* **Exercise requirements**:
Among the entries below, which lines run from the line with "Cheerble - Wicked Ball Interactive Dog Toy" through the line with "3663 S ATLANTIC"? Retype those, both ends included, exactly and without pictures.

* **Dataset extract**:

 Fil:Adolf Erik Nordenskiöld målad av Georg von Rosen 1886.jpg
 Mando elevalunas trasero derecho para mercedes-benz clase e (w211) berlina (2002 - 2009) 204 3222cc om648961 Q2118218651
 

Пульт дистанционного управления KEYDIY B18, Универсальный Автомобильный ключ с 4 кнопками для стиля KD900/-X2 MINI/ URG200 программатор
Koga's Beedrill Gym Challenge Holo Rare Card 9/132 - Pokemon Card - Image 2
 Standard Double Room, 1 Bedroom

==

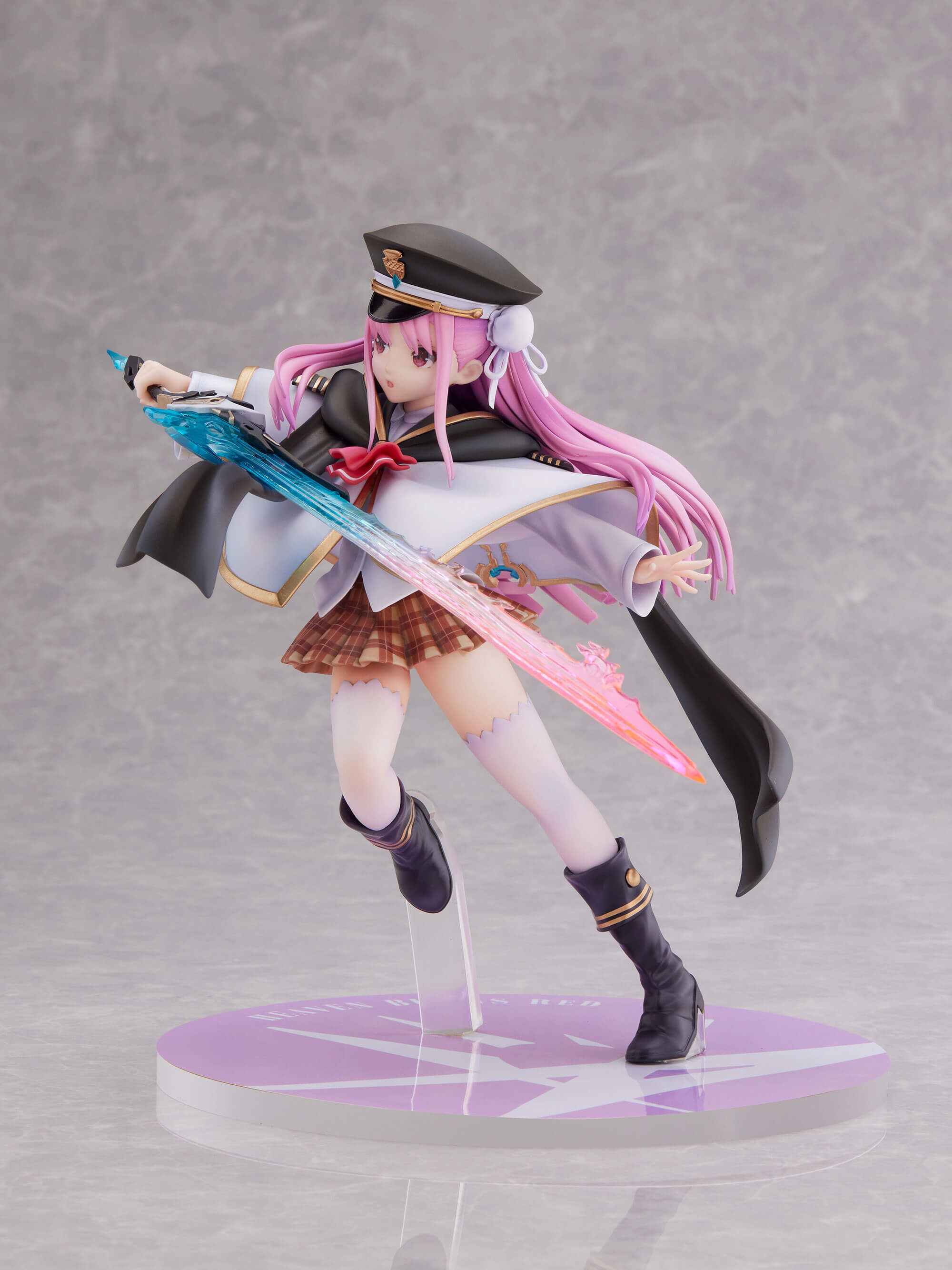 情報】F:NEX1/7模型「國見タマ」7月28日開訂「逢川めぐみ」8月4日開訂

==

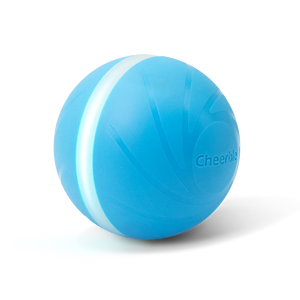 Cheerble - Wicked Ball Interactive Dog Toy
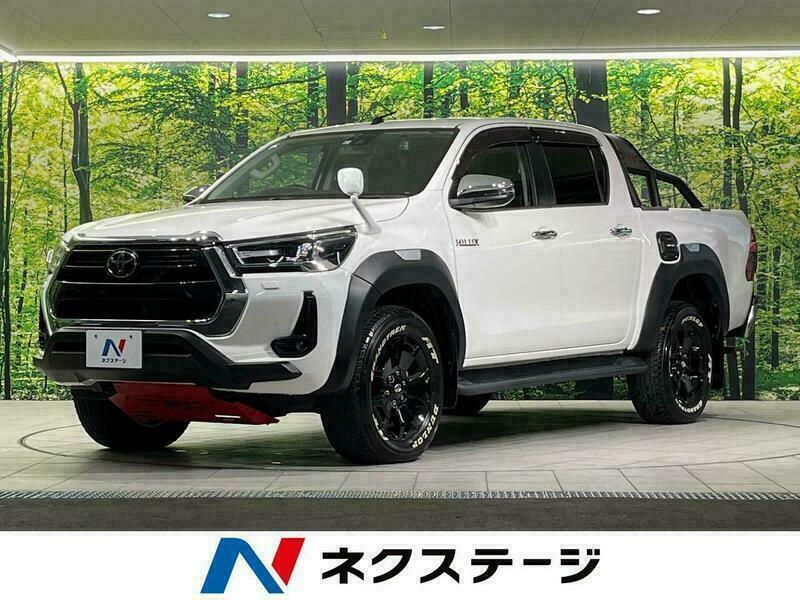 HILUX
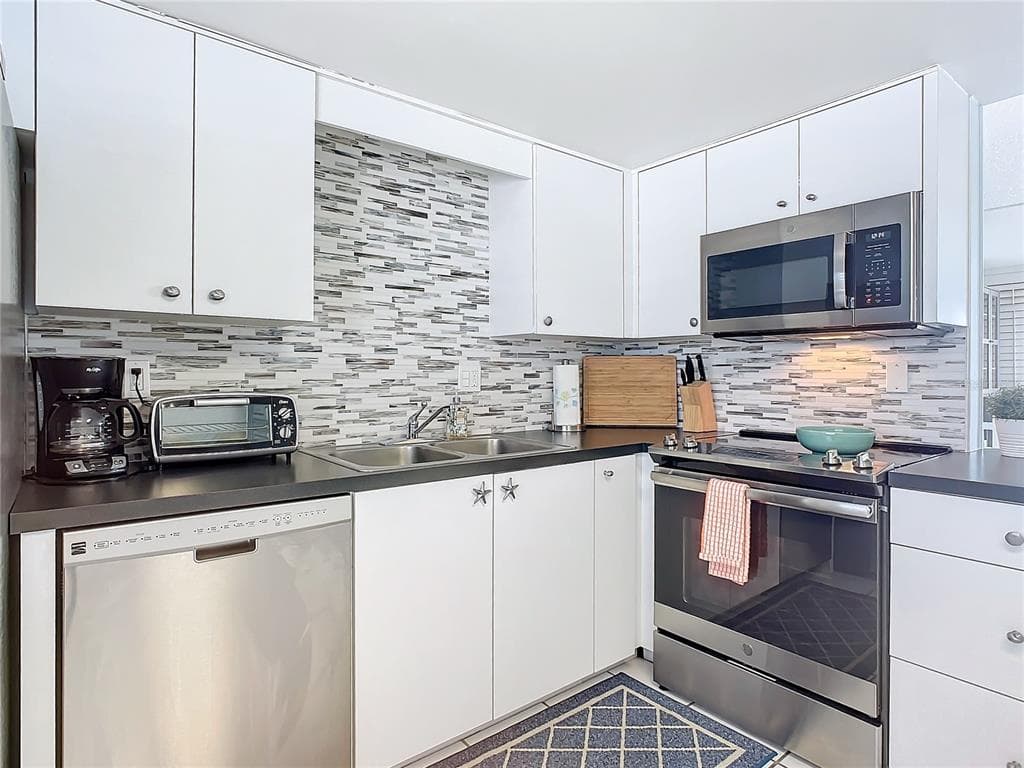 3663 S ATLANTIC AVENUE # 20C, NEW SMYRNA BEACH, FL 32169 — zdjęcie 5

* **Answer area**:
 Cheerble - Wicked Ball Interactive Dog Toy
 HILUX
 3663 S ATLANTIC AVENUE # 20C, NEW SMYRNA BEACH, FL 32169 — zdjęcie 5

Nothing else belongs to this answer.